EXERCISE OBJECTIVE: In the records below, find the line containing "cecily waterproof winter boots" and the line containing "Coquette bow soccer"; please repeat exactly the lines from one to the other, both included, and nothing more.

::::::

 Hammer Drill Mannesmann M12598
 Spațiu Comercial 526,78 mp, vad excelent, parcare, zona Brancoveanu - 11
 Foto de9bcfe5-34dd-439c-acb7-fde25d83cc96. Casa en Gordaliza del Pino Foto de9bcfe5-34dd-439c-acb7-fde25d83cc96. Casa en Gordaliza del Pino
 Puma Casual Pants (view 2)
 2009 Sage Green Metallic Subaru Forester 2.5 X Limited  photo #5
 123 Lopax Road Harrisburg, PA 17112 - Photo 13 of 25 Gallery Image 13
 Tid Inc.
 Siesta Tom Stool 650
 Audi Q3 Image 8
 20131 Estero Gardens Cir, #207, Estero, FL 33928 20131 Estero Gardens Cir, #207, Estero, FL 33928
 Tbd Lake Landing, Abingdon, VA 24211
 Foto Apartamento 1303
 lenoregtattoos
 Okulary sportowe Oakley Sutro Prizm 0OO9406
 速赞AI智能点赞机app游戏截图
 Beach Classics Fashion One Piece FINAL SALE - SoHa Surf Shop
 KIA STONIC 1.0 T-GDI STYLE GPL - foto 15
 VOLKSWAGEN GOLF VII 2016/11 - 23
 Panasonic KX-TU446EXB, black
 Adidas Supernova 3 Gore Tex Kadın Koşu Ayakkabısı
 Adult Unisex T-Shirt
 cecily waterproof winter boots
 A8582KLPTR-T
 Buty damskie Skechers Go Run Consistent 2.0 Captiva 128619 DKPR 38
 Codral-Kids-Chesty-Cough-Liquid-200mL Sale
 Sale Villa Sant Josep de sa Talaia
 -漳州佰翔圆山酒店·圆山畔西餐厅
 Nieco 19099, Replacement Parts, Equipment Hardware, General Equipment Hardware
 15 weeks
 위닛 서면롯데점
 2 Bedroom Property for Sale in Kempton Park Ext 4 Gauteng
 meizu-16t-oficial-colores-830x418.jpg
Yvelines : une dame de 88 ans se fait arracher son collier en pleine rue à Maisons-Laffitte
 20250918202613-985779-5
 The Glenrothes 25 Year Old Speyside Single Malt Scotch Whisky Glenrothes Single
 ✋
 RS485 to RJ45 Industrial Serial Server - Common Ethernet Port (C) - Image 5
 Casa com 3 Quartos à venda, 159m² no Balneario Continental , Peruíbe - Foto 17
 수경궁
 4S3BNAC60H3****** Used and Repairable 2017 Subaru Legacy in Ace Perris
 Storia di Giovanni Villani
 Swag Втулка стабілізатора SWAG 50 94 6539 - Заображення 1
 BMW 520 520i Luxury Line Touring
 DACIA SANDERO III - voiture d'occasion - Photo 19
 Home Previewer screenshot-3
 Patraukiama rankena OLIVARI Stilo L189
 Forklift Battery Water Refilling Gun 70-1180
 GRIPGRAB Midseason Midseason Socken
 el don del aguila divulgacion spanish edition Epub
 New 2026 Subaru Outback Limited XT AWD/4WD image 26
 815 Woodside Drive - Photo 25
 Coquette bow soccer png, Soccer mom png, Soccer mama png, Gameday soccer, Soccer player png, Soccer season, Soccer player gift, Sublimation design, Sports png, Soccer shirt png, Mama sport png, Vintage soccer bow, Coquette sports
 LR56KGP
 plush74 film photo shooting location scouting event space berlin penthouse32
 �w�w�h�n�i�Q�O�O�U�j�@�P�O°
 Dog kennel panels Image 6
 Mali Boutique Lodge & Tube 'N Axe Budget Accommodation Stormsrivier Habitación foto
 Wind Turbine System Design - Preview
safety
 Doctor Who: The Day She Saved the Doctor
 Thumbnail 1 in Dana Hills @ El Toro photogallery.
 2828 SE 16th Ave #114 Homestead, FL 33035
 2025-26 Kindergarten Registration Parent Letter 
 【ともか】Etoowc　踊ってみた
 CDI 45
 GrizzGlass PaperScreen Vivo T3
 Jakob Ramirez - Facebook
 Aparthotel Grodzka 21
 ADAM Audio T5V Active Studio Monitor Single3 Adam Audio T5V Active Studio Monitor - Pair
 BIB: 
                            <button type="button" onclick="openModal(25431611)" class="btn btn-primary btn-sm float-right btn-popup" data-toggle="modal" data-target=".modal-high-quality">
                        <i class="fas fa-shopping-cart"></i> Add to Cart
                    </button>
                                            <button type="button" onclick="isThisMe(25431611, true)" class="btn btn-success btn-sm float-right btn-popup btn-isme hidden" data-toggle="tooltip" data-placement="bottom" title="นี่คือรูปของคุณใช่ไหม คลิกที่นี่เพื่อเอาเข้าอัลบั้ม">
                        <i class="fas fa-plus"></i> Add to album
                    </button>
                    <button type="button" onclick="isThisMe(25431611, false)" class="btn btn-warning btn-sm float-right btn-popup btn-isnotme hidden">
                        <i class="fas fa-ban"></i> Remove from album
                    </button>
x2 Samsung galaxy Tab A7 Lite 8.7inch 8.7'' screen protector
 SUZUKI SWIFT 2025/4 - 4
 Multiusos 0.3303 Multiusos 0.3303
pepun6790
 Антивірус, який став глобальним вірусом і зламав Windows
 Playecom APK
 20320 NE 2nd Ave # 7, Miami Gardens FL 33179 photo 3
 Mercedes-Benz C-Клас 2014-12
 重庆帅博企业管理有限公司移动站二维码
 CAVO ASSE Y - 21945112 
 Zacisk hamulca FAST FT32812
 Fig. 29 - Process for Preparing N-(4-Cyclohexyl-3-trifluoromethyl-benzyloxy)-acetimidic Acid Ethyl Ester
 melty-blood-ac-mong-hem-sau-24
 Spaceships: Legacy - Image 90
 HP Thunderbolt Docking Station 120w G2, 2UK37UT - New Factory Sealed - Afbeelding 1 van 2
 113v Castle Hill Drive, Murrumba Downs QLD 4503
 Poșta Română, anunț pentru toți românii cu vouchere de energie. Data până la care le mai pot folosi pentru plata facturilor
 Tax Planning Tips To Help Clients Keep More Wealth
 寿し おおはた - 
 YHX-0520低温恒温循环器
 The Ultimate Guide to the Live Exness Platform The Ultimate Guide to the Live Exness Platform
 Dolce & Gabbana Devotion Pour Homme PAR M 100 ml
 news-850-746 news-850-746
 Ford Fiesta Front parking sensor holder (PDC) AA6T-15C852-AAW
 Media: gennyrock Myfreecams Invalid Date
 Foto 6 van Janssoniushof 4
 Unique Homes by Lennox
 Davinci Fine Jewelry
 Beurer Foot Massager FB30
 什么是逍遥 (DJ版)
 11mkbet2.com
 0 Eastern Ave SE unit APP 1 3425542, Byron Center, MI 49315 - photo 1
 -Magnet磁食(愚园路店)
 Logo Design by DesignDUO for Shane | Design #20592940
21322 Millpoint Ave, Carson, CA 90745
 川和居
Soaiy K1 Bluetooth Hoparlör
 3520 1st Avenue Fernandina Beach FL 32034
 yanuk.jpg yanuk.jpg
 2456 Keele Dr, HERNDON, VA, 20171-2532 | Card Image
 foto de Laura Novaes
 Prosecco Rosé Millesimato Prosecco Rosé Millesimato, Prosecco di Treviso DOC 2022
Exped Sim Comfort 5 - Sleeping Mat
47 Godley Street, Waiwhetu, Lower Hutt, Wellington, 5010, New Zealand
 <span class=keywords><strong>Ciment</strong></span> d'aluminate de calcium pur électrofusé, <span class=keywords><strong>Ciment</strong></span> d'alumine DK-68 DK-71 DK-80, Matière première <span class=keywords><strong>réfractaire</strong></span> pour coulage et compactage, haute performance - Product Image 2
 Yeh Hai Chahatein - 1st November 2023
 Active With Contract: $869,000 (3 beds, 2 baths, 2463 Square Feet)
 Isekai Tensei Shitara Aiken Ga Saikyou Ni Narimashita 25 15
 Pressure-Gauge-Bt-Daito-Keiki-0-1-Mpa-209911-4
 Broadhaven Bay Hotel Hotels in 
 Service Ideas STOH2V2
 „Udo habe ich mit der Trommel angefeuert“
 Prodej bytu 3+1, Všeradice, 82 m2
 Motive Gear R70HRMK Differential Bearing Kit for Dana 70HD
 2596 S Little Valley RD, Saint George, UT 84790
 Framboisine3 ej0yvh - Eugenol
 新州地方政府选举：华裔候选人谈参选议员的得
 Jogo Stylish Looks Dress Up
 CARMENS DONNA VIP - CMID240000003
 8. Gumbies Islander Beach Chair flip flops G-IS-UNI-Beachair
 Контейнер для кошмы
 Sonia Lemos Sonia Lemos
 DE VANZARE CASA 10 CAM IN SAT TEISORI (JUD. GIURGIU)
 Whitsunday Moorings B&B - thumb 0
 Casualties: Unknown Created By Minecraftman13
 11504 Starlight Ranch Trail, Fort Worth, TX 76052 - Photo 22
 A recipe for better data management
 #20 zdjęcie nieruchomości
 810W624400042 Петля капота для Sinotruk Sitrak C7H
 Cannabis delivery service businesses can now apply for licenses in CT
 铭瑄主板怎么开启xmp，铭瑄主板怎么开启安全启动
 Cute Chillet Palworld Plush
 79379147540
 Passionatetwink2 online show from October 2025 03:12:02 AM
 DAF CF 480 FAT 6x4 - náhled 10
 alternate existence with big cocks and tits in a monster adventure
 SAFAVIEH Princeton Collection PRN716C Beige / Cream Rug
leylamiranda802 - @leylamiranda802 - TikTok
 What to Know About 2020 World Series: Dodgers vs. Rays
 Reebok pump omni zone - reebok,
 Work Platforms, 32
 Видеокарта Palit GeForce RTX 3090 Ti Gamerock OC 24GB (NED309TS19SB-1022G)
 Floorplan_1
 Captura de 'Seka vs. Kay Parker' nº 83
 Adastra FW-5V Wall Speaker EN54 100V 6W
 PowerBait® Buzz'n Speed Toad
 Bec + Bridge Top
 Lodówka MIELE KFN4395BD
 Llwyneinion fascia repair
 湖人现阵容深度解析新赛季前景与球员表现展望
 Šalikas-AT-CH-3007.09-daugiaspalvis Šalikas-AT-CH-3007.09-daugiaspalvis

::::::

SOLUTION:
 cecily waterproof winter boots
 A8582KLPTR-T
 Buty damskie Skechers Go Run Consistent 2.0 Captiva 128619 DKPR 38
 Codral-Kids-Chesty-Cough-Liquid-200mL Sale
 Sale Villa Sant Josep de sa Talaia
 -漳州佰翔圆山酒店·圆山畔西餐厅
 Nieco 19099, Replacement Parts, Equipment Hardware, General Equipment Hardware
 15 weeks
 위닛 서면롯데점
 2 Bedroom Property for Sale in Kempton Park Ext 4 Gauteng
 meizu-16t-oficial-colores-830x418.jpg
Yvelines : une dame de 88 ans se fait arracher son collier en pleine rue à Maisons-Laffitte
 20250918202613-985779-5
 The Glenrothes 25 Year Old Speyside Single Malt Scotch Whisky Glenrothes Single
 ✋
 RS485 to RJ45 Industrial Serial Server - Common Ethernet Port (C) - Image 5
 Casa com 3 Quartos à venda, 159m² no Balneario Continental , Peruíbe - Foto 17
 수경궁
 4S3BNAC60H3****** Used and Repairable 2017 Subaru Legacy in Ace Perris
 Storia di Giovanni Villani
 Swag Втулка стабілізатора SWAG 50 94 6539 - Заображення 1
 BMW 520 520i Luxury Line Touring
 DACIA SANDERO III - voiture d'occasion - Photo 19
 Home Previewer screenshot-3
 Patraukiama rankena OLIVARI Stilo L189
 Forklift Battery Water Refilling Gun 70-1180
 GRIPGRAB Midseason Midseason Socken
 el don del aguila divulgacion spanish edition Epub
 New 2026 Subaru Outback Limited XT AWD/4WD image 26
 815 Woodside Drive - Photo 25
 Coquette bow soccer png, Soccer mom png, Soccer mama png, Gameday soccer, Soccer player png, Soccer season, Soccer player gift, Sublimation design, Sports png, Soccer shirt png, Mama sport png, Vintage soccer bow, Coquette sports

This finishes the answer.